US forces in northern Syria started pulling back Monday from areas along the Turkish border ahead of a feared military invasion by Ankara that Kurdish forces say would spark a jihadist resurgence.
The Kurdish-led Syrian Democratic Forces said in a statement that "US forces withdrew from the border areas with Turkey" in northeast Syria.
The Syrian Observatory for Human Rights war monitor confirmed that US forces had pulled back from key positions in Ras al-Ain and Tal Abyad.
The White House on Sunday said that Turkey would "soon be moving forward with its long-planned operation".
It said US troops in northern Syria would no longer be "in the immediate area" near the border with Turkey, nor would they support Ankara's operations.
On Monday, the US-backed SDF said such an operation would reverse years of successful Kurdish-led operations to defeat the Islamic State group and allow some of its surviving leaders to come out of hiding.
It also warned that a Turkish invasion would pose a threat to SDF-run prisons and informal settlements housing thousands of IS jihadists and their families.

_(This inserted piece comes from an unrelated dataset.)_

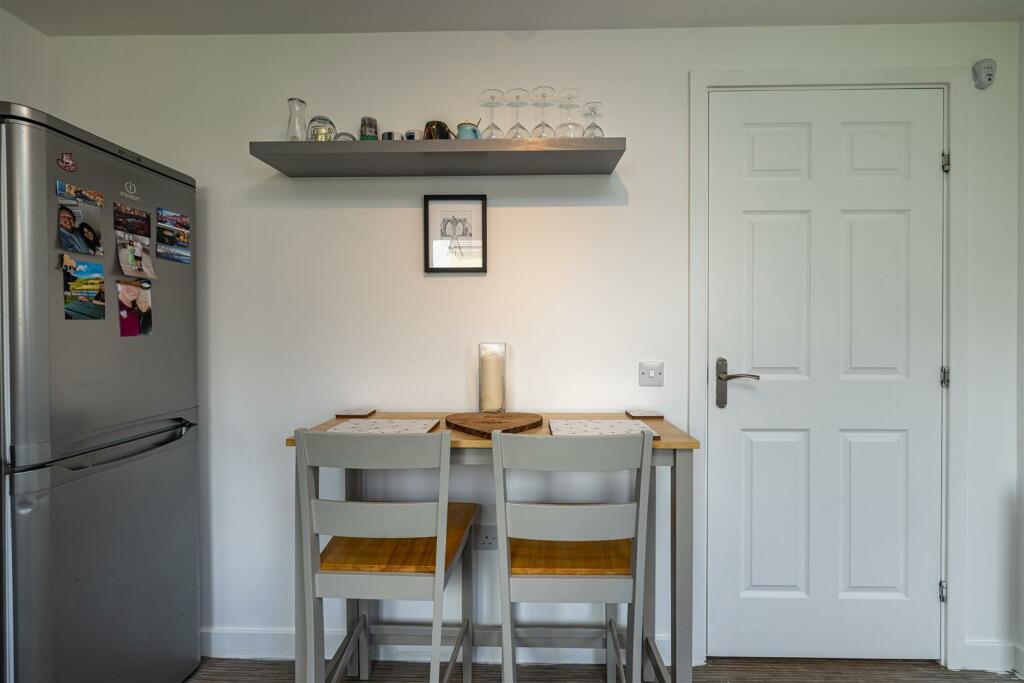 31 Knoll Park Galashiels 18.JPG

Ankara wants to push the US-backed Syrian Kurdish forces from its border, saying that the group is a "terrorist" offshoot of Kurdish insurgents in Turkey.
The Turkish military has twice launched offensives in Syria -- against IS in 2016, and in 2018 against the People's Protection Units (YPG), the backbone of the SDF.
Long marginalised, Syria's Kurds have -- beyond heavy campaigns against IS -- essentially stayed out of the country's eight-year civil war, instead setting up their own institutions in areas under their control.
In the areas of Ras al-Ain, Tal Abyad and Kobane, all bordering Turkey, Kurdish forces have dug trenches and tunnels in preparation for a Turkish offensive, the Observatory said Sunday.